The market is different here of course, but I'd say you stole it... especially if it's in as good a condition as it looks.

Enjoy, and :welcome: .


----------



## JnC

Although it doesnt have the hydrostatic transmission but the 622 is a very capable machine. Machine seems to be in very good condition, not sure about market over there but here in the NE a machine such as that goes for $500~$700 so I'd say you got a great deal .


----------



## micah68kj

Sweet machine at a good price. Take care of it and it will take care of you.:goodjob:


----------



## YSHSfan

You did great on it.....!

:blowerhug:


----------



## Freezn

parks450 said:


> We were planning a little trip about 2 hours away to go christmas shopping, so I searched for snowblowers in that area and came across it.
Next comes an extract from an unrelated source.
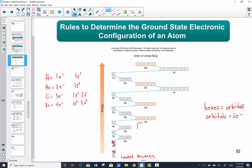Next door to beryllium lives boron, number five. It has five electrons to place. We always start at the lowest energy level first: 1s2. We then move to the next lowest energy level, the 2s sublevel, and fill it — 2s2. We have one more to add because boron has a fifth electron. We put it in the next highest energy level, in the 2p sublevel. Boron is 1s2, 2s2, 2p1.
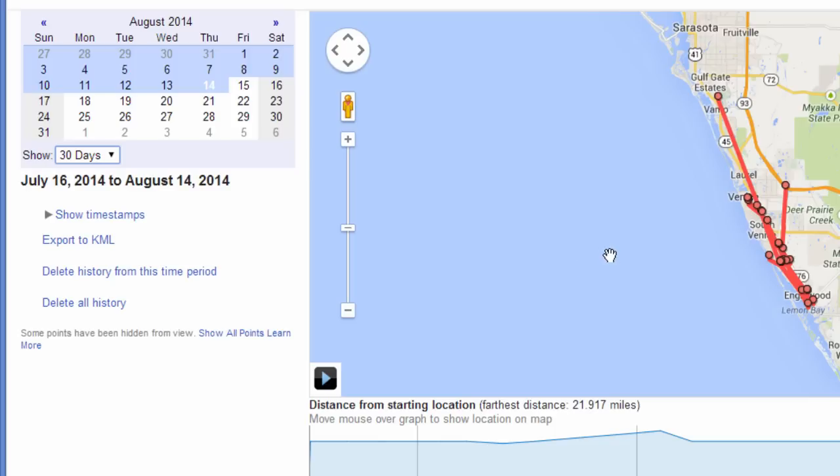The good news is only those who are logged into your Google account on your computer can see your location history, so you don't have to worry about someone else finding it unless they happen to have your Google login information. In that case, they can quickly find out where you've been in the last 30 days — all the places you've gone where you've taken your phone with you.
Too funny. I find myself doing the same thing whenever I travel outside the New England area for business. I'll give Craigslist a quick scan just to see what the market price is dictating in that area. Congrats on the HS622. Nice powerful compact machine with the Honda GX160 commercial engine. Honda sold the HS622 in the US from 1996 to 1999. Looks to be in great condition, but given that it's at least 18 years old, I would highly recommend pulling the auger rakes and coating the auger shafts with anti-seize. Who knows the last time the auger shafts were greased? This will ensure the auger rakes are free to spin on the auger shaft allowing the shear pins to do their job and prevent catastrophic damage to the auger gearbox in the event the machine hits something hard. Other than that, just change the oil and sparkplug and you should be good to go.


----------



## orangputeh

wow, great deal!

my neighbor has one and asked me to look at it over before winter. all we did ws change the plug and oil. he didn't need anything else.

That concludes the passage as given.